GSA Annual Meeting in Denver, Colorado, USA - 2016

Paper No. 285-7
Presentation Time: 10:05 AM

BIOTIC SUCCESSION IN THE STRATIGRAPHIC RECORD: IS IT MORE THAN AMMUNITION IN A PERCEIVED CULTURE WAR? (Invited Presentation)


STEARLEY, Ralph, Department of Geology, Calvin College, North Hall, 1740 Knollcrest Circle, SE, Grand Rapids, MI 49546, rstearle@calvin.edu

Many professional scientists and many people with a serious religious commitment believe that some sort of ideological war exists and perhaps must necessarily exist between these two subcultures. Since the late 19th century this “warfare paradigm” has been promoted by some prominent individuals from both extremes. The geologic record, including that of the history of life, often has been a focal point for tragic-comedic pronouncements. The near-absence of instruction in the Earth sciences at the secondary-school level is a notable contributor to public misunderstandings of the fossil record. Thus, paleontologic practitioners who wish to help advance public awareness of the protracted history of life must defuse the warfare paradigm while simultaneously eliminating simple ignorance.

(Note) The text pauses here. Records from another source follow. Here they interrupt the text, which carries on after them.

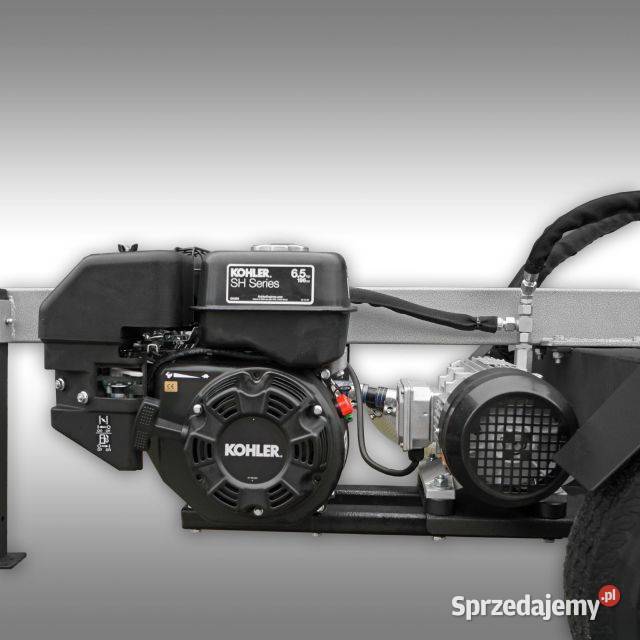 ŁUPARKA HYDRAULICZNA 2017T napęd spalinowy 65 i sprzedam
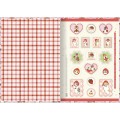 Foto ilustrativa Caderno Brochura Capa Dura 1/4 Mofusand 80 Folhas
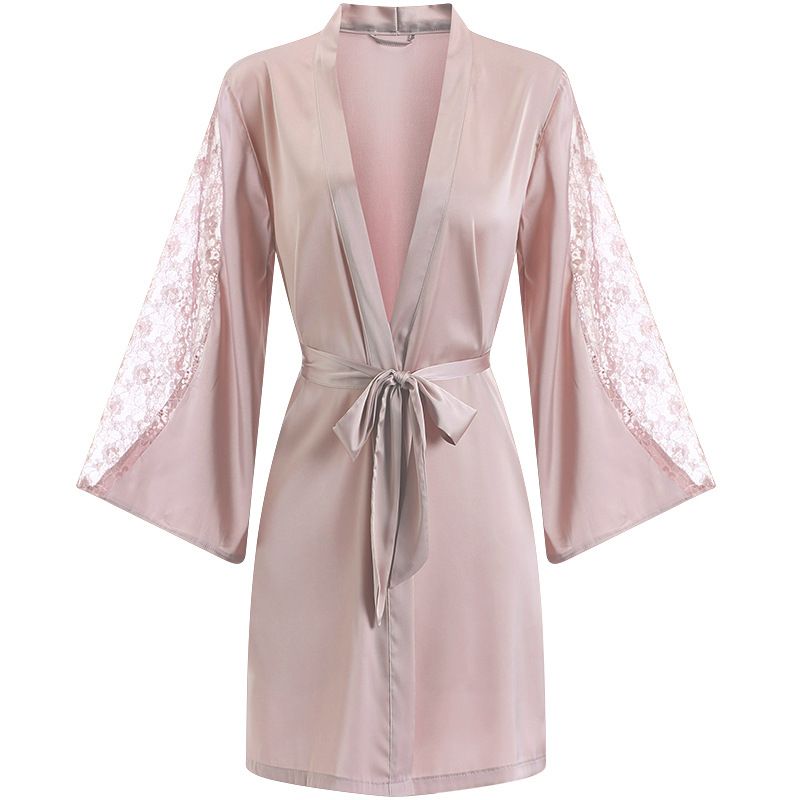 pink robe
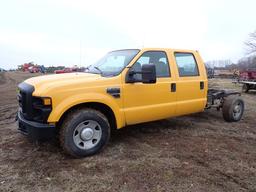 2009 Ford F-250 Cab & Chassis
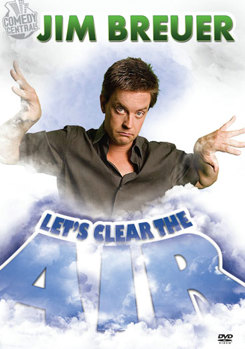 DVD Jim Breuer: Let's Clear the Air Book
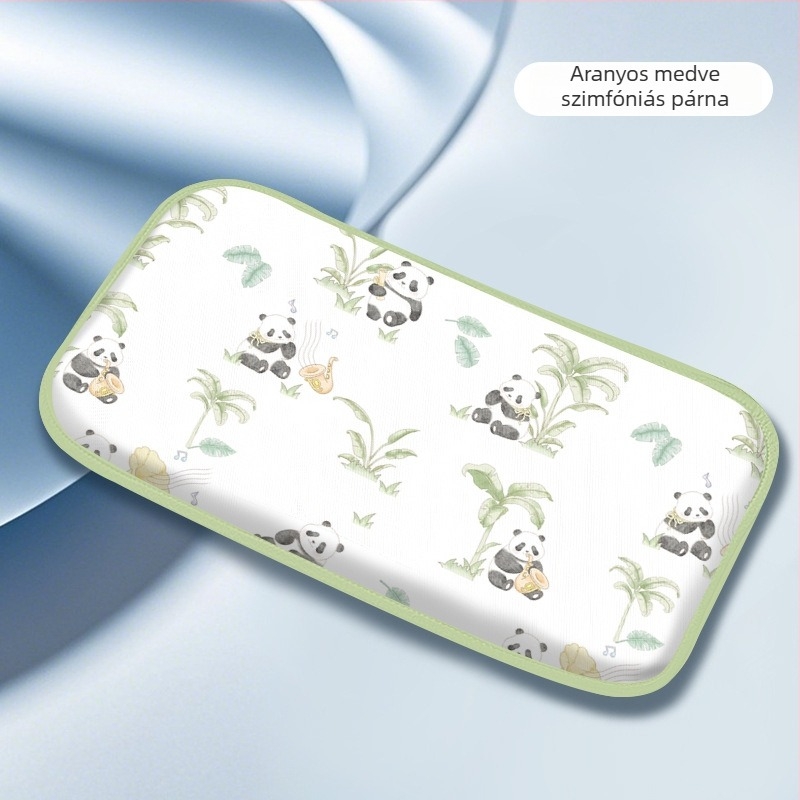 Baba babakocsi matrac, ice silk, lélegző, mosható, 0–2 éves korig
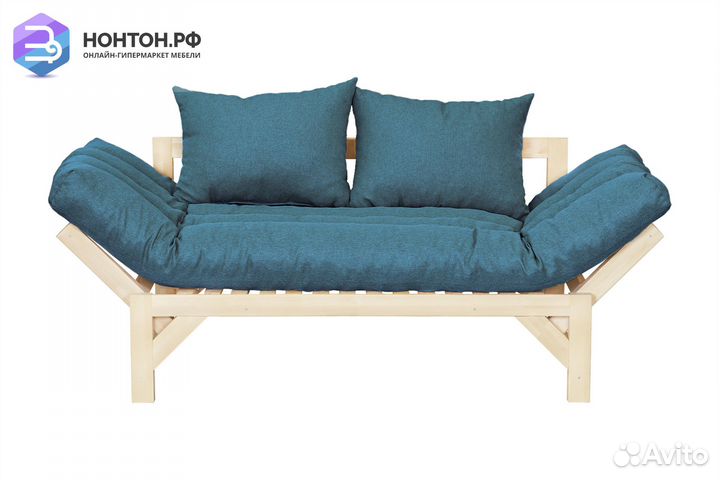 Диван кушетка Амбер-2 синий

The discovery of biotic succession in the rock record is surely one of the most significant ones in the history of the Earth and life sciences. But unfamiliarity of the general public with fossil occurrences provides opportunity for misinformation. Early 20th-century Flood Geologists mocked biostratigraphic order and claimed that biostratigraphers exhibited circular reasoning. Many (but not all) contemporary Flood Geologists do understand that stratigraphic succession is real. Their approach to succession typically involves: a) a claim that much fossil zonation can be explained by some sort of ecologic zonation prior to a planetary catastrophe, plus b) a claim that a great deal of current biodiversity is the result of ultra-rapid evolution during the past few thousands of years; accompanied by c) a general vagueness regarding the extent to which entire biotas have been replaced in the record. These three tactics are disingenuous.

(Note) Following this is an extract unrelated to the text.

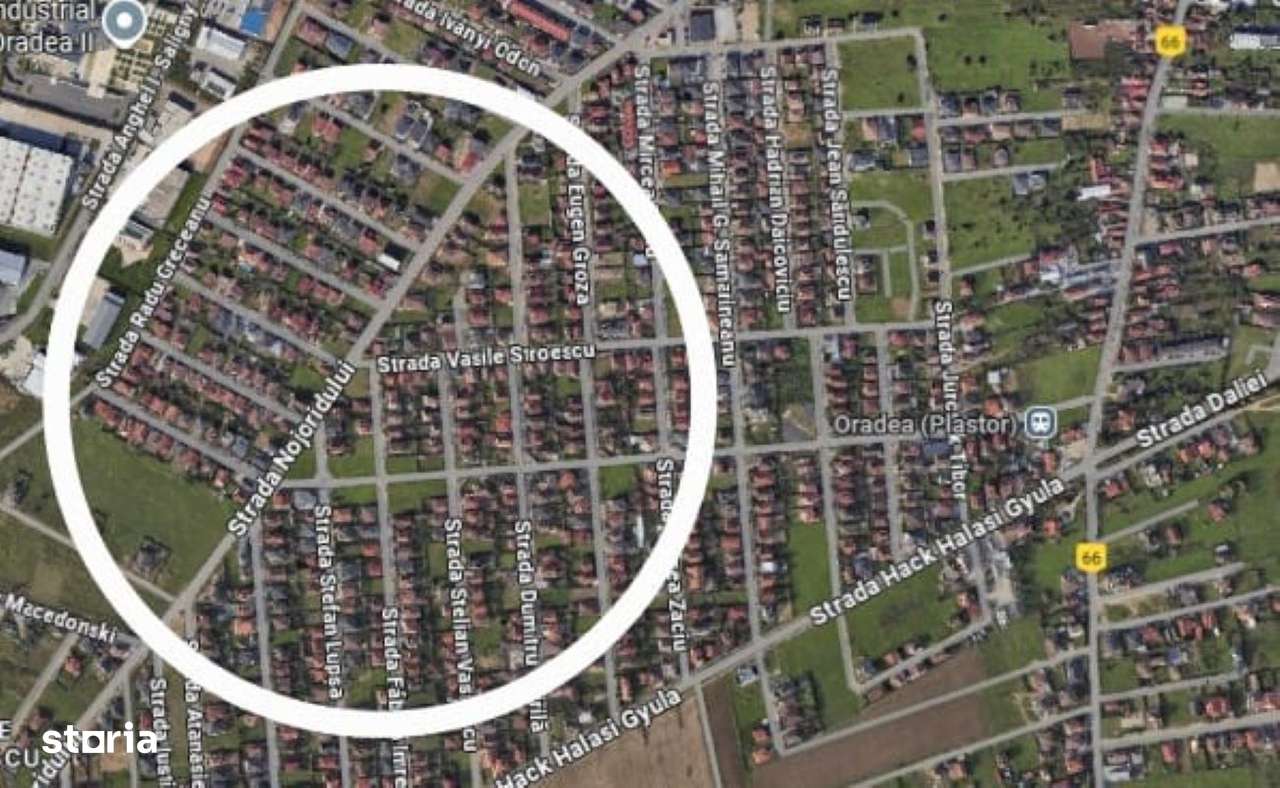 Parcela de 500 mp de vanzare, Grigorescu,Oradea,Gaminvest,V4397 - Imagine principală: 2/2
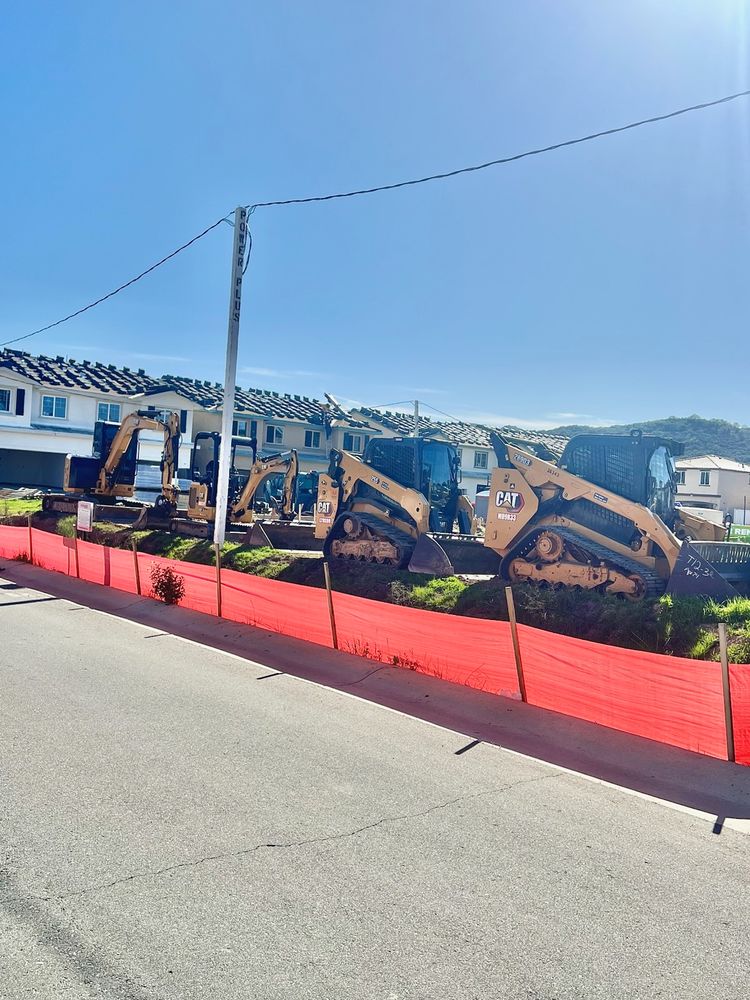 Our Operated Equipment service provides skilled operators and modern machinery to efficiently handle all your residential and commercial excavation needs, ensuring precise, safe, and timely completion of projects on your property. for Spark Underground and Grading in San Diego, CA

The “conflict thesis” for science-faith relationships continues to be promulgated by some, but historians of science have demonstrated that this metaphor is a distortion of what was historically a spectrum of approaches. The scientific enterprise prospered in cultures undergirded by Christianity and many of the founders of biostratigraphy were practicing Christians. Their labors demonstrated a structure to biotic succession, a structure incompatible with a single global catastrophic flood. This conjunction of strong faith commitment with observational honesty needs to be fostered.